## Training a Machine Learning Model with Automated ML


In this notebook we'll be using Azure Automated ML to train a machine learning model capable of determining the best cluster for a COVID-19 scientific article. It builds upon the work done in the *Data Preparation* notebook.

We'll import Azure ML SDK modules needed, and do a quick sanity-check on the SDK version

In [1]:
import azureml.core
from azureml.core import Dataset, Workspace, Experiment
from azureml.core.compute import ComputeTarget, AmlCompute
from azureml.train.automl import AutoMLConfig
from azureml.train.automl.run import AutoMLRun
from azureml.widgets import RunDetails
from azureml.automl.core.featurization.featurizationconfig import FeaturizationConfig

print("AML SDK version:", azureml.core.VERSION)

AML SDK version: 1.48.0


We'll start by retrieving the ML workspace used to manage our work

In [2]:
# Retrieve your ML workspace
ws = Workspace.from_config()
print(ws)

Workspace.create(name='mlw-gai1-f4xzq', subscription_id='23529470-ba17-4d8a-9f0c-064e63a49c33', resource_group='rg-gai1-f4xzq')


In order to be able to launch an Automated ML run we need to provision a compute cluster first. If one already exists then we'll use that one, otherwise we'll create a new one

In [3]:
# The name of the compute instance
compute_name = 'aml-compute-cpu'
# The minimum and maximum number of nodes of the compute instance
compute_min_nodes = 0
# Setting the number of maximum nodes to a higher value will allow Automated ML to run more experiments in parallel, but will also inccrease your costs
compute_max_nodes = 4

vm_size = 'STANDARD_DS3_V2'

# Check existing compute targets in the workspace for a compute with this name
if compute_name in ws.compute_targets:
    compute_target = ws.compute_targets[compute_name]
    if compute_target and type(compute_target) is AmlCompute:
        print(f'Found existing compute target: {compute_name}')    
else:
    print(f'A new compute target is needed: {compute_name}')
    provisioning_config = AmlCompute.provisioning_configuration(vm_size = vm_size,
                                                                min_nodes = compute_min_nodes, 
                                                                max_nodes = compute_max_nodes)

    # Create the cluster
    compute_target = ComputeTarget.create(ws, compute_name, provisioning_config)
    
    # Wait for provisioning to complete
    compute_target.wait_for_completion(show_output=True, min_node_count=None, timeout_in_minutes=20)

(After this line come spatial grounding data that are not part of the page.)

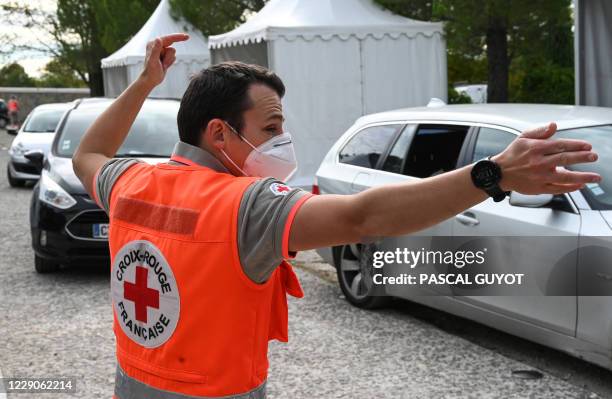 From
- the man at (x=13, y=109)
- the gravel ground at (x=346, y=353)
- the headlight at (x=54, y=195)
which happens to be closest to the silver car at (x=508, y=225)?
the gravel ground at (x=346, y=353)

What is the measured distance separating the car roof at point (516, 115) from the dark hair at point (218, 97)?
11.3 ft

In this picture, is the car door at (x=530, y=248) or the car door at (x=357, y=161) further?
the car door at (x=357, y=161)

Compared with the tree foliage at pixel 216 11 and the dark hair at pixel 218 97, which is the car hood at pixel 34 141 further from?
the dark hair at pixel 218 97

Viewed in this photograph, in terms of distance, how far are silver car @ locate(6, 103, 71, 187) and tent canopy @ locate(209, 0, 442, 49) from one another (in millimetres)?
4608

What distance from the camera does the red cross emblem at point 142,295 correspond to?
197 cm

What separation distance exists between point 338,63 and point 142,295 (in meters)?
10.8

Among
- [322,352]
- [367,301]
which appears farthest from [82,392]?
[367,301]

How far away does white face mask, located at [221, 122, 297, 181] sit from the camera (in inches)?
79.0

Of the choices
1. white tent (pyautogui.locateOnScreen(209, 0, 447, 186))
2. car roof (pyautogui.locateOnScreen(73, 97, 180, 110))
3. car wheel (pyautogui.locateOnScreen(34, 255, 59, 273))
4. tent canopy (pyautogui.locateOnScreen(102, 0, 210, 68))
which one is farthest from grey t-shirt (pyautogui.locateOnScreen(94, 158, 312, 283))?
tent canopy (pyautogui.locateOnScreen(102, 0, 210, 68))

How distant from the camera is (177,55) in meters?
19.7

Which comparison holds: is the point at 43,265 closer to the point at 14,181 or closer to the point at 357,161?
the point at 357,161

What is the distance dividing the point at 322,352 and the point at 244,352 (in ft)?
11.8

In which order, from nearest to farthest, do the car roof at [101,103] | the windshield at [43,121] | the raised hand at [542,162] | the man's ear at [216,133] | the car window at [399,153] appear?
the raised hand at [542,162] < the man's ear at [216,133] < the car window at [399,153] < the car roof at [101,103] < the windshield at [43,121]

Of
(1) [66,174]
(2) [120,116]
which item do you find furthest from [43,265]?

Found existing compute target: aml-compute-cpu


## Configuring the Automated ML experiment

We'll use the `COVID19Articles_Train` dataset that we registered in the previous notebook for training the model. In order to speed up training we'll ignore all columns except the word vectors calculated using Doc2Vec.

In [4]:
# Retrieve the COVID19Articles_Train dataset from the workspace
train_data = Dataset.get_by_name(ws, 'COVID19Articles_Train')

# Ignore all columns except the word vectors
columns_to_ignore = ['sha', 'source_x', 'title', 'doi', 'pmcid', 'pubmed_id', 'license', 'abstract', 'publish_time', 'authors', 'journal', 'mag_id',
                     'who_covidence_id', 'arxiv_id', 'pdf_json_files', 'pmc_json_files', 'url', 's2_id' ]
train_data = train_data.drop_columns(columns_to_ignore) 


# Configura Automated ML
automl_config = AutoMLConfig(task = "classification",
                             # Use weighted area under curve metric to evaluate the models
                             primary_metric='AUC_weighted',
                             
                             # Use all columns except the ones we decided to ignore
                             training_data = train_data,
                             
                             # The values we're trying to predict are in the `cluster` column
                             label_column_name = 'cluster',
                             
                             # Evaluate the model with 5-fold cross validation
                             n_cross_validations=5,
                             
                             # The experiment should be stopped after 15 minutes, to minimize cost
                             experiment_timeout_hours=.25,
                             
                             # Automated ML can try at most 4 models at the same time, this is also limited by the compute instance's maximum number of nodes
                             max_concurrent_iterations=4,
                             
                             # An iteration should be stopped if it takes more than 5 minutes
                             iteration_timeout_minutes=5,
                             
                             compute_target=compute_target
                            )

Once we have configured the Automated ML run, we can submit it in one of the workspace's experiments. Note that this step should take around 15 minutes, according to the `experiment_timeout_minutes` setting.

**NOTE**:

If this is the first time you are launching an experiment run in the Azure Machine Learning workspace, additional time will be needed to start the Compute Cluster and deploy the container images required to execute.

In [5]:
# Use the `COVID19_Classification` dataset
exp = Experiment(ws, 'COVID19_Classification')
run = exp.submit(automl_config, show_output=True)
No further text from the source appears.